In June 2017, a sequel was announced to be in development, with Gavin O'Connor and Bill Dubuque returning in their respective roles as director and writer. Affleck was to return in the starring role. By February 2020, Affleck confirmed that developments were ongoing, with the studio having considered retroactively turning a separate work-script that they are developing into The Accountant 2. The actor additionally expressed interest in the potential for a television series.

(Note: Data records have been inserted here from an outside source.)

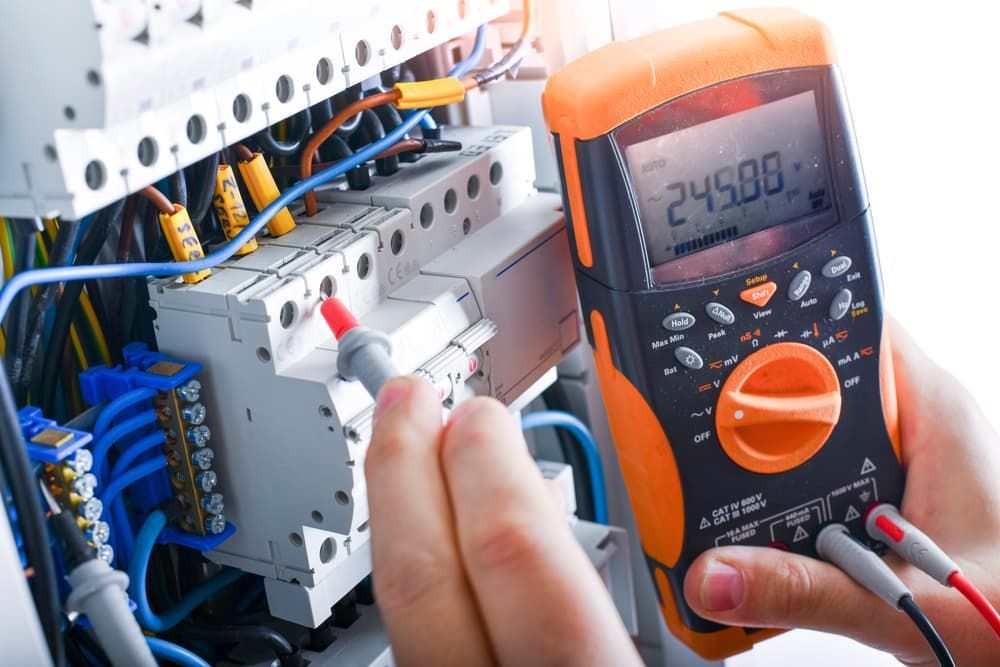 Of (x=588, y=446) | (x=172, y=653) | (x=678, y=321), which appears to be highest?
(x=678, y=321)

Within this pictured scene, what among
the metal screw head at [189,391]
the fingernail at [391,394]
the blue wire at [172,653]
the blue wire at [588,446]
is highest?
the fingernail at [391,394]

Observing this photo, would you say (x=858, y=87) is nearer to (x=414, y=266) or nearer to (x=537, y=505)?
(x=414, y=266)

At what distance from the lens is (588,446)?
1139 millimetres

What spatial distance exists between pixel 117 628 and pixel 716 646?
0.51 metres

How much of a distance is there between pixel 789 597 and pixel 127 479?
Result: 487mm

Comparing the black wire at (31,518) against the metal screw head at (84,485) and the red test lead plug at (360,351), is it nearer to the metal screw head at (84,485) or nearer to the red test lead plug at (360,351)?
the metal screw head at (84,485)

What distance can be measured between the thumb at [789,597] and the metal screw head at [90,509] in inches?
17.8

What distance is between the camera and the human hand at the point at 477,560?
1.52ft

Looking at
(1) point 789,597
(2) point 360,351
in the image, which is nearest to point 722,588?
(1) point 789,597

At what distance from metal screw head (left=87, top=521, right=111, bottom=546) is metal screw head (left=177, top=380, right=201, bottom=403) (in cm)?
9

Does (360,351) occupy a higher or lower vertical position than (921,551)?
higher

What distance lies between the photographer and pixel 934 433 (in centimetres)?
93

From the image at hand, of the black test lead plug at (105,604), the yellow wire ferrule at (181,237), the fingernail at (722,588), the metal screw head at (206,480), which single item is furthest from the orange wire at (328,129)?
the fingernail at (722,588)

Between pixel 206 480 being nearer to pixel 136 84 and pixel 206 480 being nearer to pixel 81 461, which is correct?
pixel 81 461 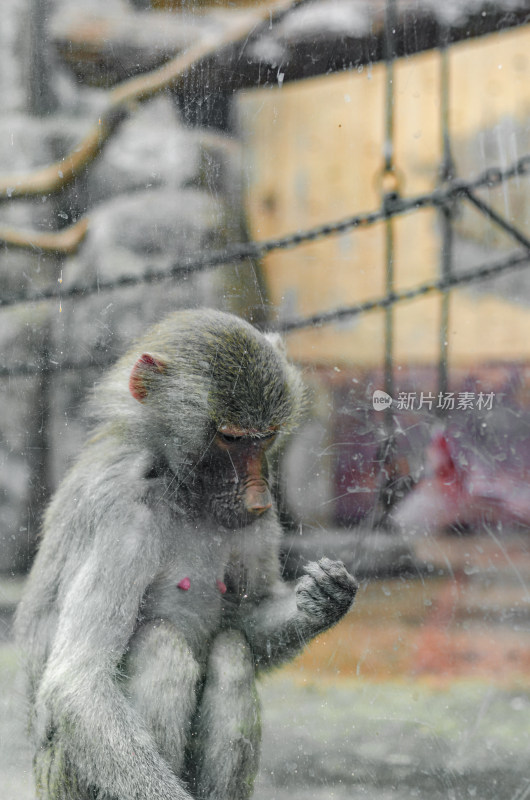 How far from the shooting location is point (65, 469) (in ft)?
8.18

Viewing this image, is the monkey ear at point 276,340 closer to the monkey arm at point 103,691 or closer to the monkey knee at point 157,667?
the monkey arm at point 103,691

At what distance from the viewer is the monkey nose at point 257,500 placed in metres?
2.18

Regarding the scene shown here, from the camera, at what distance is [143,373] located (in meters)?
2.27

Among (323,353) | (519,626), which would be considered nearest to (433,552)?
(519,626)

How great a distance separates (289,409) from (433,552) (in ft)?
2.14

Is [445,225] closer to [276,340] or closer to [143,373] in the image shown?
[276,340]

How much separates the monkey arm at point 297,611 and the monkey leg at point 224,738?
175 millimetres

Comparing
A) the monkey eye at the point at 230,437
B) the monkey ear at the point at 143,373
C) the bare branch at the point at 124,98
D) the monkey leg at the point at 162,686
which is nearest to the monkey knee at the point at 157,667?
the monkey leg at the point at 162,686

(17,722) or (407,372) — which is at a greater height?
(407,372)

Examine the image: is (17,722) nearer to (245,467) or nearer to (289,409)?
(245,467)

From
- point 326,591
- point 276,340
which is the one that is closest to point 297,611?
point 326,591

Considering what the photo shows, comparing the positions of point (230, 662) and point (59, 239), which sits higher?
point (59, 239)

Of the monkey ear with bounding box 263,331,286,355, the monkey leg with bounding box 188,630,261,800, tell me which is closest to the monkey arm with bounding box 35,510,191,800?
the monkey leg with bounding box 188,630,261,800

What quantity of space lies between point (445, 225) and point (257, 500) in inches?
41.3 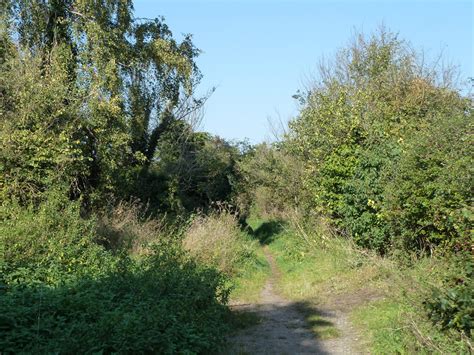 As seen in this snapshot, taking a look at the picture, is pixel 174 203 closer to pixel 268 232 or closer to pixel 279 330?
pixel 268 232

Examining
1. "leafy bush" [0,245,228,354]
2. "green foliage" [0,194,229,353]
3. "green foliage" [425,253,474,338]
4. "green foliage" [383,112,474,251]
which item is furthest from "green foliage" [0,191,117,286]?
"green foliage" [383,112,474,251]

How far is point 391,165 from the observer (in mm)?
12227

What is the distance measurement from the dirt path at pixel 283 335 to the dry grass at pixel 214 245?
214 cm

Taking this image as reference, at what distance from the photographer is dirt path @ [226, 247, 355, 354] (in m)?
7.88

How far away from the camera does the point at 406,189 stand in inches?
430

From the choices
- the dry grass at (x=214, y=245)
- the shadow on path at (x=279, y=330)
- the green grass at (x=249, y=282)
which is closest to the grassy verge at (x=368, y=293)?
the shadow on path at (x=279, y=330)

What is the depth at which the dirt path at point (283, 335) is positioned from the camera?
7.88 m

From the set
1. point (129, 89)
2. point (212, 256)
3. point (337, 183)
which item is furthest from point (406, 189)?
point (129, 89)

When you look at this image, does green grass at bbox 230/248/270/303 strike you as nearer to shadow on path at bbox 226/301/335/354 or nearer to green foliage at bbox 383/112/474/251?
shadow on path at bbox 226/301/335/354

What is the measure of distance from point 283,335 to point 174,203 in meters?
14.3

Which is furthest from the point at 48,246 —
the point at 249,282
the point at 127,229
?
the point at 249,282

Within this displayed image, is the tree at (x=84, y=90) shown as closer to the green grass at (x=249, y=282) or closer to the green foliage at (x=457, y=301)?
the green grass at (x=249, y=282)

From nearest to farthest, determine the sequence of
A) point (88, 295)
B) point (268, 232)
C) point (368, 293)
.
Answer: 1. point (88, 295)
2. point (368, 293)
3. point (268, 232)

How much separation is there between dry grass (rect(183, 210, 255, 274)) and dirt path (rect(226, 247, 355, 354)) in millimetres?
2138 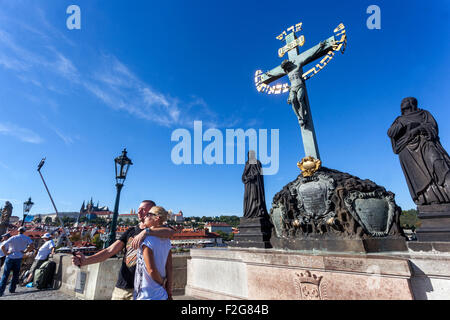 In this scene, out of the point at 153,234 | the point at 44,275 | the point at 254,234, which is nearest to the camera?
the point at 153,234

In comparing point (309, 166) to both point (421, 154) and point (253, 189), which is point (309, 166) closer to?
point (253, 189)

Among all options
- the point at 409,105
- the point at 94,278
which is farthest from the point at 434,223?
the point at 94,278

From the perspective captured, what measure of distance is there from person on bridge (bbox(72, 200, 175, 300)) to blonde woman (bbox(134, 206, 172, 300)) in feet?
0.23

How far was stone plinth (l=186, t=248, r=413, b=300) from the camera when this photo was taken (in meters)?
3.07

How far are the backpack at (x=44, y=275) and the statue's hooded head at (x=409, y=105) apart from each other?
10556mm

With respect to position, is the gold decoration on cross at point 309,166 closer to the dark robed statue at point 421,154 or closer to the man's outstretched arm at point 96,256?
the dark robed statue at point 421,154

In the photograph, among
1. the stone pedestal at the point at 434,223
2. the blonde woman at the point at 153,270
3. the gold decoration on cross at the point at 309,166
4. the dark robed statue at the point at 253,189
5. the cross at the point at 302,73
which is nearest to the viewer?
the blonde woman at the point at 153,270

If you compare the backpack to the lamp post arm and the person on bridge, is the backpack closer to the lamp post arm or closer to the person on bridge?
the lamp post arm

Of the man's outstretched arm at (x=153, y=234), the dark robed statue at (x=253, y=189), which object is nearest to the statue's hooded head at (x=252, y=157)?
the dark robed statue at (x=253, y=189)

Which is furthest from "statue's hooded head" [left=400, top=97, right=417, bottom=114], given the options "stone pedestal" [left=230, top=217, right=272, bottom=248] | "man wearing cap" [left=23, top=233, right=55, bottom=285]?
"man wearing cap" [left=23, top=233, right=55, bottom=285]

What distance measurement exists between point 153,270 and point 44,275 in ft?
22.6

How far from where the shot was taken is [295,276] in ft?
13.1

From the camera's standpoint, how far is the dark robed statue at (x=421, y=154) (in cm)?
359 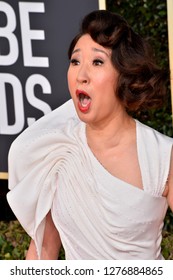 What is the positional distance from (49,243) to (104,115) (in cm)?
41

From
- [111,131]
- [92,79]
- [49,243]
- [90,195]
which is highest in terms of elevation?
[92,79]

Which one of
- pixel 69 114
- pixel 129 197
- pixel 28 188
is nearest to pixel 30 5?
pixel 69 114

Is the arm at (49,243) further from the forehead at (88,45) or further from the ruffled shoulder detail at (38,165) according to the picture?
the forehead at (88,45)

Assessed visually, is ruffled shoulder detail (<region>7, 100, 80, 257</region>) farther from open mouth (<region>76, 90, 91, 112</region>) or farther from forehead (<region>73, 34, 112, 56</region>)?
forehead (<region>73, 34, 112, 56</region>)

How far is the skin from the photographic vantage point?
1887 mm

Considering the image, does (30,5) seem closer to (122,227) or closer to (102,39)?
(102,39)

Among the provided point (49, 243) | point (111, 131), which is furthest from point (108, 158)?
point (49, 243)

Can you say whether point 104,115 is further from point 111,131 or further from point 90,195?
point 90,195

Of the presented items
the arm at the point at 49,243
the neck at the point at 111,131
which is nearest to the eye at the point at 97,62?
the neck at the point at 111,131

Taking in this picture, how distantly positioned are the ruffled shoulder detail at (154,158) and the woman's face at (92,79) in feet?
0.41

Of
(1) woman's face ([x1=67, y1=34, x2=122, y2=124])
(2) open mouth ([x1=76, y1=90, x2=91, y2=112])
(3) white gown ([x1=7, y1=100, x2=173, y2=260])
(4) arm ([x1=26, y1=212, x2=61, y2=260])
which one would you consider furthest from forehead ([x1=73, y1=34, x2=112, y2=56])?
(4) arm ([x1=26, y1=212, x2=61, y2=260])

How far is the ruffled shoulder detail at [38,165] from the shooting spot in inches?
78.8

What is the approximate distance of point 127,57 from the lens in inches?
74.4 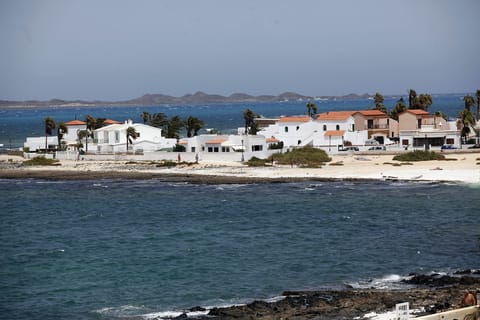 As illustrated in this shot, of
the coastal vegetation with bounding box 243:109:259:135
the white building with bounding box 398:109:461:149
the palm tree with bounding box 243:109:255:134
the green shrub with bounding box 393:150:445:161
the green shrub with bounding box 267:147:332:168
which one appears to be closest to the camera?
the green shrub with bounding box 267:147:332:168

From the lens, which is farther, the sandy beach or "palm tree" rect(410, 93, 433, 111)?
"palm tree" rect(410, 93, 433, 111)

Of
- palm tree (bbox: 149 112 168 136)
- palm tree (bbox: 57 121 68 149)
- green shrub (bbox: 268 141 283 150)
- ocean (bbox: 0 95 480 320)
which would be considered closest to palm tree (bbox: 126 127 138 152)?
palm tree (bbox: 57 121 68 149)

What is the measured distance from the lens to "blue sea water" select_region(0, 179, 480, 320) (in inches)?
1351

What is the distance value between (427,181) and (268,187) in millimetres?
11774

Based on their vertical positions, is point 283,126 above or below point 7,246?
above

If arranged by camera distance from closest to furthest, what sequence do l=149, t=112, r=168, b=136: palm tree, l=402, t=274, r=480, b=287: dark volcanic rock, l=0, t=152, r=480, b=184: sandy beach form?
1. l=402, t=274, r=480, b=287: dark volcanic rock
2. l=0, t=152, r=480, b=184: sandy beach
3. l=149, t=112, r=168, b=136: palm tree

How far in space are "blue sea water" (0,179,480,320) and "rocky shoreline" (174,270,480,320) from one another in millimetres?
1654

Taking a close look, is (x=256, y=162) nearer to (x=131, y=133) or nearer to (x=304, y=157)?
(x=304, y=157)

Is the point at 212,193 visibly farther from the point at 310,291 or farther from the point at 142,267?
the point at 310,291

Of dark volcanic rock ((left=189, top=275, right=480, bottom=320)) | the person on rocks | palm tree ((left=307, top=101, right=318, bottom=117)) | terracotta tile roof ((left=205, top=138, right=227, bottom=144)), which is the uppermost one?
palm tree ((left=307, top=101, right=318, bottom=117))

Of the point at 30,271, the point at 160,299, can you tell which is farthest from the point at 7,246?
the point at 160,299

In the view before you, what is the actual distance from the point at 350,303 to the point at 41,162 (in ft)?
199

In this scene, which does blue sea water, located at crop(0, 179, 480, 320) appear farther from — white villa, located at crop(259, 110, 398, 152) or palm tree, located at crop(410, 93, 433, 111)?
palm tree, located at crop(410, 93, 433, 111)

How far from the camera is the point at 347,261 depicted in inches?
1537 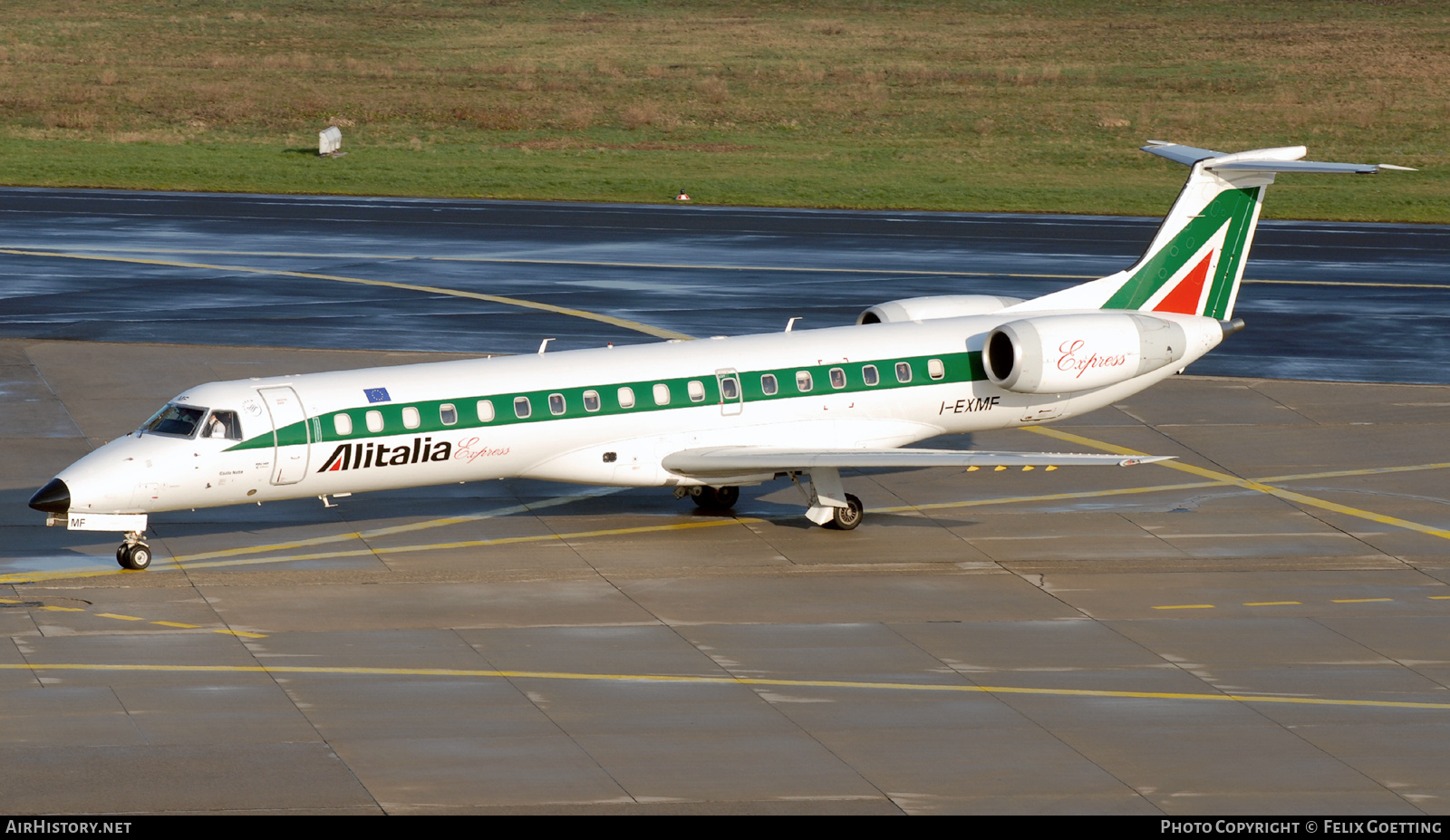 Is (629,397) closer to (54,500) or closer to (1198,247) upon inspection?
(54,500)

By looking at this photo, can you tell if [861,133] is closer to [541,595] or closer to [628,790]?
[541,595]

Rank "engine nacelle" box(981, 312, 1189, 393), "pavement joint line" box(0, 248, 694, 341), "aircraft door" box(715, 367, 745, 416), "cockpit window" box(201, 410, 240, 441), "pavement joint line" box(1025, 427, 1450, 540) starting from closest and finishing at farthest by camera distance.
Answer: "cockpit window" box(201, 410, 240, 441) < "aircraft door" box(715, 367, 745, 416) < "engine nacelle" box(981, 312, 1189, 393) < "pavement joint line" box(1025, 427, 1450, 540) < "pavement joint line" box(0, 248, 694, 341)

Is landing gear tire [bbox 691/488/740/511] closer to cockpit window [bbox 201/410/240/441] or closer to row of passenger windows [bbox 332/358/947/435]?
row of passenger windows [bbox 332/358/947/435]

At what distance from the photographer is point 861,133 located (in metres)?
86.1

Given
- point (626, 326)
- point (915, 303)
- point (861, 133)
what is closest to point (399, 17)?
point (861, 133)

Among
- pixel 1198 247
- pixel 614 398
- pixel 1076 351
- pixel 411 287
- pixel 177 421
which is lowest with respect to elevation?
pixel 411 287

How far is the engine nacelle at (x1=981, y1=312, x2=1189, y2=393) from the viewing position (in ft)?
98.2

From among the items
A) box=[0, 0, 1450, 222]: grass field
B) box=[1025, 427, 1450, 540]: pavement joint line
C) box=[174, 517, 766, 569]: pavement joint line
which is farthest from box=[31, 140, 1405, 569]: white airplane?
box=[0, 0, 1450, 222]: grass field

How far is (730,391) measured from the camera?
29000mm

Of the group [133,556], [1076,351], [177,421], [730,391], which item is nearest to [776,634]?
[730,391]

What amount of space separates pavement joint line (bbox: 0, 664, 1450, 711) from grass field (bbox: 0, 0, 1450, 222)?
46.1 m

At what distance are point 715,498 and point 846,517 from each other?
231 centimetres

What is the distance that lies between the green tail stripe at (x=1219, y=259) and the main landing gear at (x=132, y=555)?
634 inches

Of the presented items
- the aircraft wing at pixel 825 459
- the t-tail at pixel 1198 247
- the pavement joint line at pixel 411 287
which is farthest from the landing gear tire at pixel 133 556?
the pavement joint line at pixel 411 287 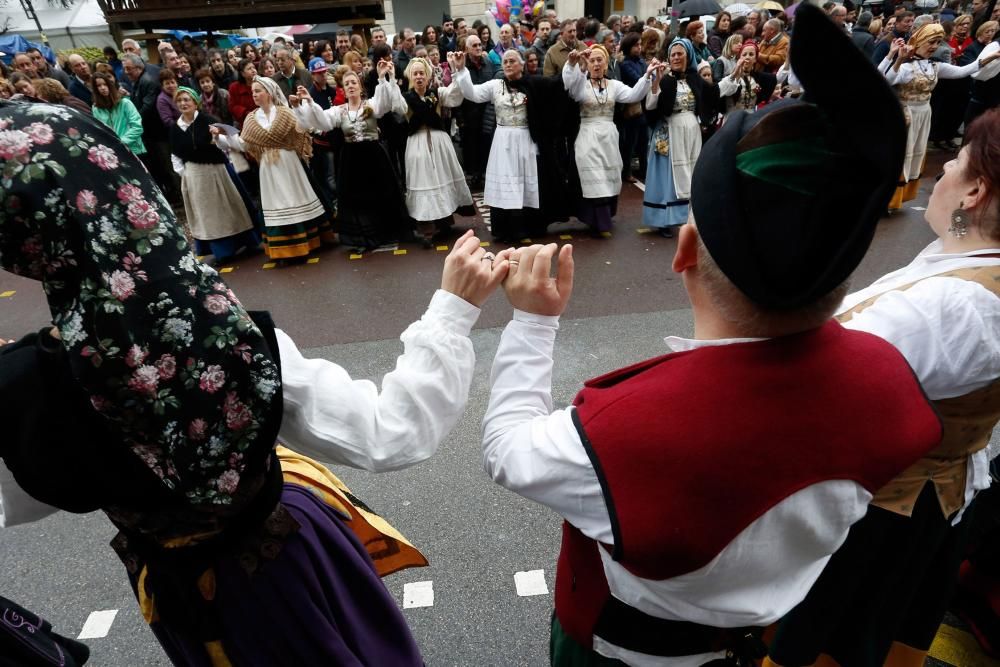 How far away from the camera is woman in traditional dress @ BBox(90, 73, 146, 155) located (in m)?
6.41

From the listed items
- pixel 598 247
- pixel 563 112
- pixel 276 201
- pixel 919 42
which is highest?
pixel 919 42

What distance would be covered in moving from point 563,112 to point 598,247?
132 cm

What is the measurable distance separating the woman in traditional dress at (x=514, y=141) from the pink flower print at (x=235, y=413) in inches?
A: 204

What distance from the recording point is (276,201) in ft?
19.1

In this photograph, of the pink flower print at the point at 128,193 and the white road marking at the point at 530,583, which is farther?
the white road marking at the point at 530,583

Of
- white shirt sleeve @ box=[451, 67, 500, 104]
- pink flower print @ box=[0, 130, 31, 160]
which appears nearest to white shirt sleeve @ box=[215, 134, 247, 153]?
white shirt sleeve @ box=[451, 67, 500, 104]

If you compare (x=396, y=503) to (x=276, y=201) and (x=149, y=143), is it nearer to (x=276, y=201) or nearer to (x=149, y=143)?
(x=276, y=201)

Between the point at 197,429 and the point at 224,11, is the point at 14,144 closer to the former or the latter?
the point at 197,429

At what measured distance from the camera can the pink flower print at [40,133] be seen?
79 centimetres

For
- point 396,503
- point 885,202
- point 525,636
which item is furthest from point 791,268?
point 396,503

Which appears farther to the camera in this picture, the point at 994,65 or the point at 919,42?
the point at 994,65

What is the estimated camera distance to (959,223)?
1436 mm

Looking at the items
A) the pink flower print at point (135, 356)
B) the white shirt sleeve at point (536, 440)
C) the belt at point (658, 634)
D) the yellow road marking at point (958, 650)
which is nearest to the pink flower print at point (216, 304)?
the pink flower print at point (135, 356)

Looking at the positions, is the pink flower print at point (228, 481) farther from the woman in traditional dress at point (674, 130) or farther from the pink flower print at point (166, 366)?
the woman in traditional dress at point (674, 130) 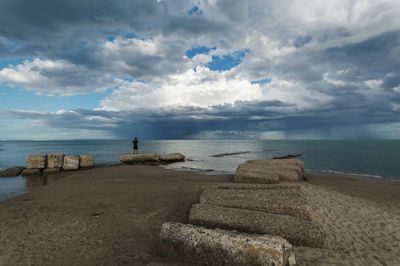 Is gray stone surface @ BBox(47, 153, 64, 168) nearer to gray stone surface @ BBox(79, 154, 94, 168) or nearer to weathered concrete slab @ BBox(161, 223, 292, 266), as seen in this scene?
gray stone surface @ BBox(79, 154, 94, 168)

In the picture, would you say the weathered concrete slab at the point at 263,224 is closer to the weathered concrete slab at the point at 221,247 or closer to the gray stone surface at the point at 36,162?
the weathered concrete slab at the point at 221,247

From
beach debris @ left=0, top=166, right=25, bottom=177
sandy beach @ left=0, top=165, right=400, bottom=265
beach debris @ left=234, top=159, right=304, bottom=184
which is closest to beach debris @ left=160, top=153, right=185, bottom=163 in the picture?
beach debris @ left=0, top=166, right=25, bottom=177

In September 2021, Gavin O'Connor announced that the sequel had officially been green-lit, while a third film is also being written. The sequel will incorporate Jon Bernthal's character into the plot more than the original. By January 2024, the film had officially entered pre-production with principal photography scheduled to commence in March of the same year, with Seamus McGarvey set to return as cinematographer. In March 2024, Affleck, Bernthal, Simmons and Addai-Robinson were announced to be reprising their roles for the sequel, with Amazon MGM Studios acquiring the sequel's rights from Warner Bros. (who will serve as the international distributor through an existing deal with the studio) and Affleck also serving as a producer with Matt Damon under their Artists Equity banner alongside the original film's producers. The film was released on April 25, 2025. Plans for a third film are underway.